Three terms that are helpful to understand are:
- Trustee – the beneficiary of the trust, or the child
- Grantor – the person who set up the trust
- Trustee – the person or company that manages the assets of the trust
Why Do You Need One And How Does It Differ From A Will
The primary benefits of a trust include tax savings for the grantor and asset protection for the beneficiary.
A trust allows for the distribution of funds over time for a specific event, for example, monthly distributions to pay for a grandchild’s college expenses. With a trust, this is possible before the grantor’s death. A will does not go into effect until a person dies.

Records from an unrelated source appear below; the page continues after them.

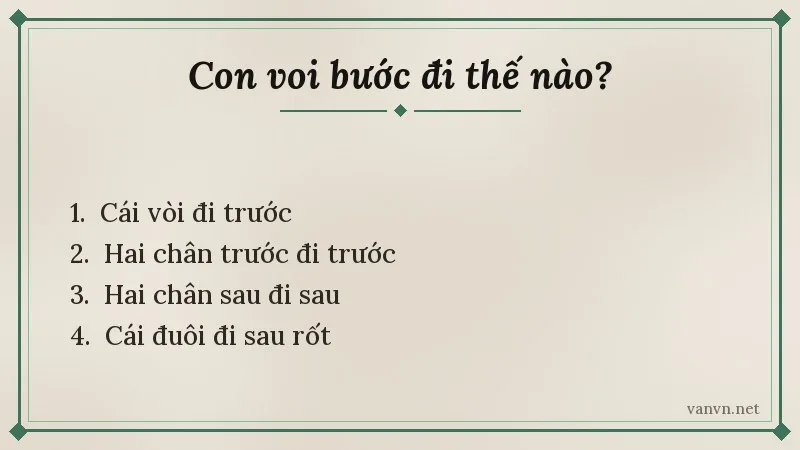 thứ tự các bộ phận trong đồng dao con vỏi con voi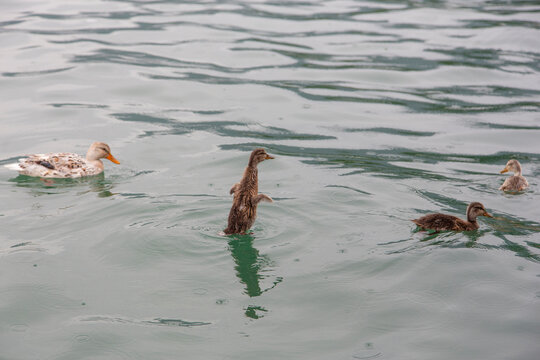 A young duck rising out of a lake in the rain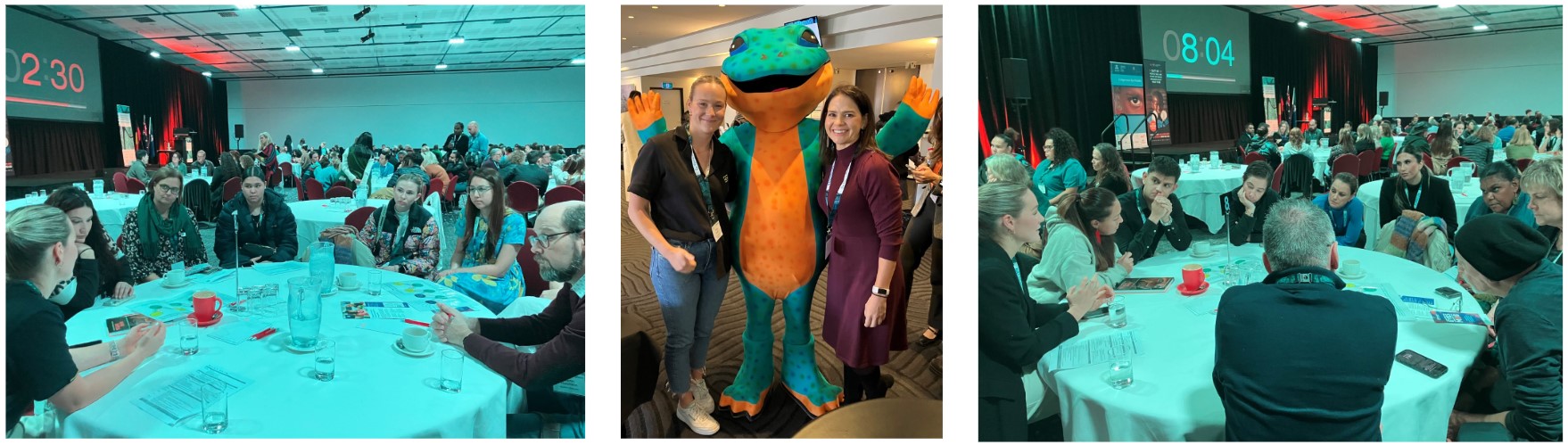 collage from conference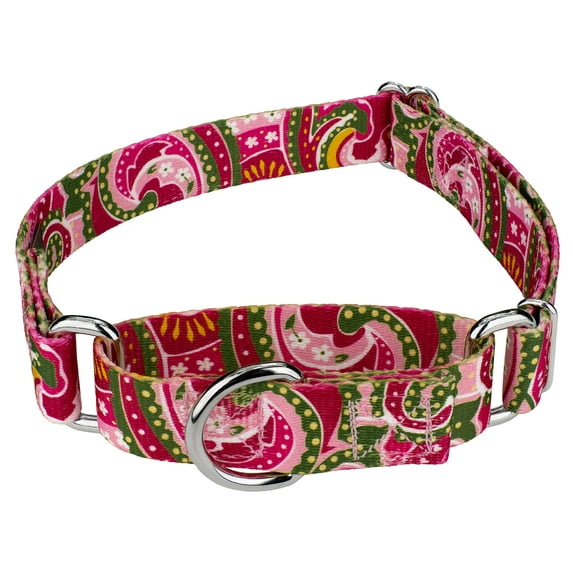 Country Brook Petz® 1 inch Pink Paisley Martingale Dog Collar, Medium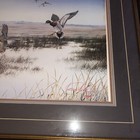 Picture 4 of 6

With a trust, the specific conditions set by the grantor are met. Where this is different than a will, is the property passed on through a will must enter probate, which can get messy, can cause delays, and can cost extra money. A trust is done outside of the court system so that you can avoid probate.

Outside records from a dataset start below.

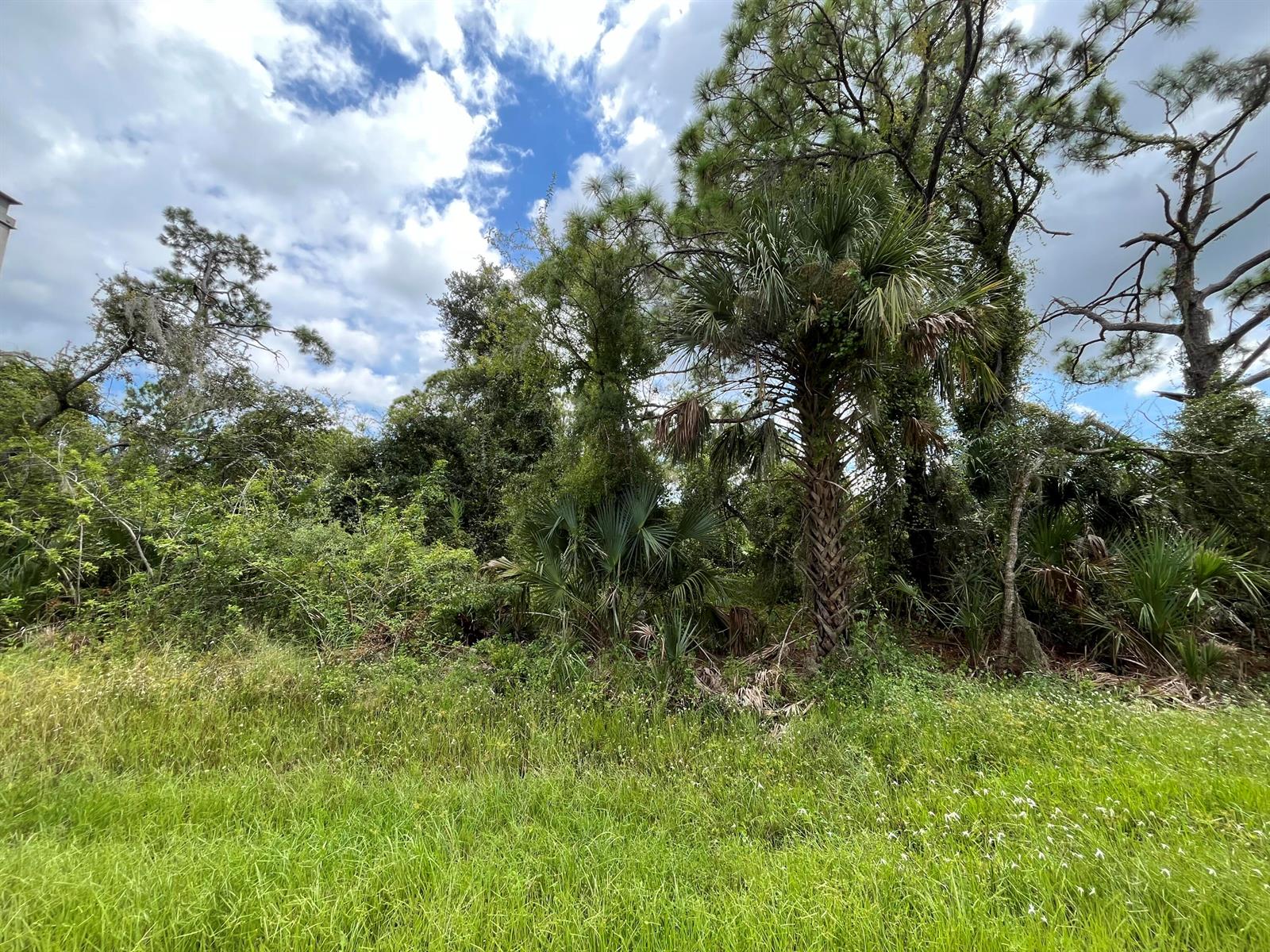 See details / 0 sq. ft. $ 2026-06-19 0 Photo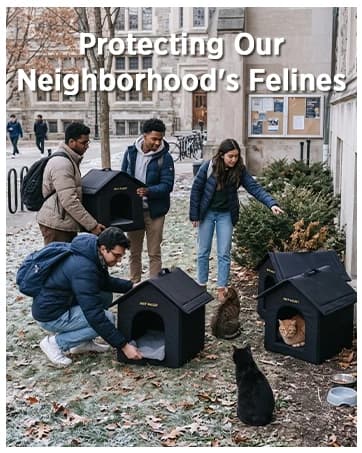 Outdoor Cat House for Feral Cats — collection imagery
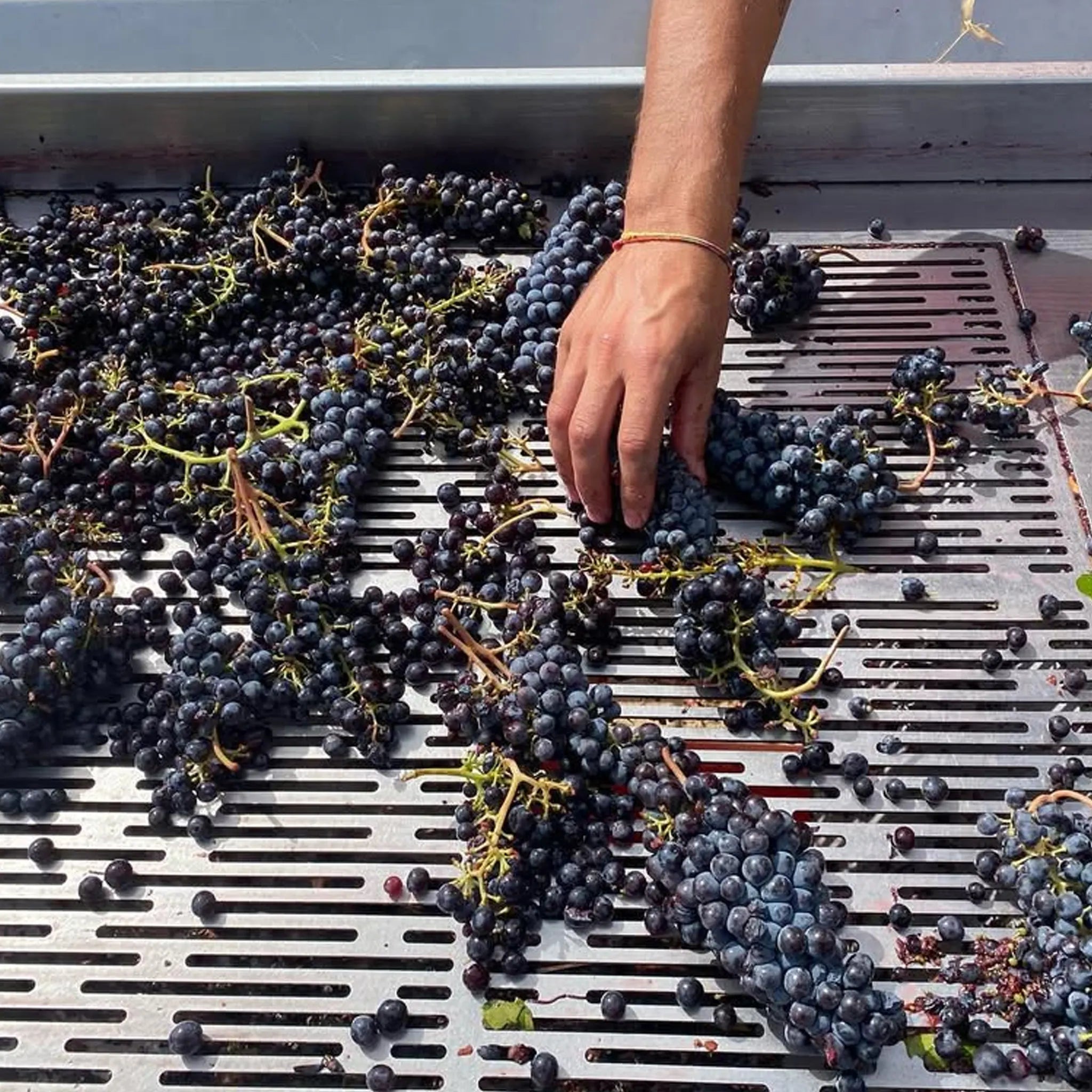 Canalicchio di Sopra Rosso di Montalcino 2024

Types of Child Trust Funds
The most popular type of Child Trust fund falls under the term, Irrevocable Trust Funds (ITF). There are two major types of ITFs – Section 2503 (b) and Section 2503 (c).

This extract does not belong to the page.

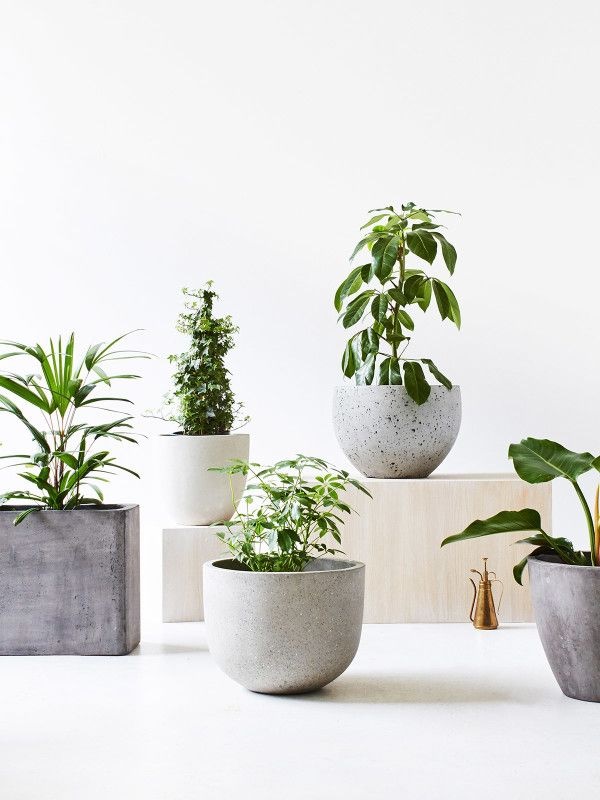design-plant-pots-66_13 Дизайн саксии за растения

Section 2503 (b) Minor Trust Fund – Qualifies for the annual gift tax exclusion based on current limitations. Distributions of the trust income to the child or a custodial bank account must be made on a yearly basis or more frequent basis. Access to the principal at the age of 21 is not required.
Section 2503 (c) Minor Trust Fund – Qualifies for the annual gift tax exclusion. All the money (both principal and income) in the trust must be transferred to the child at the age of 21.
How To Set One Up
There is a lot to consider when setting up a trust fund for your children. Not only are there legal and tax issues to consider, but you’ll also have an emotional impact to think about. For example, you’ll need to consider the individual personalities of your children. Do you believe they will be mature enough to receive a significant distribution of assets at the age of 21? If the answer is no, you’ll want to avoid the Section 2503 (c) fund.
Seek out the counsel of a qualified estate attorney during the process of setting up your trust. Their experience with the federal and state laws will ensure you, your children, and your assets are adequately protected.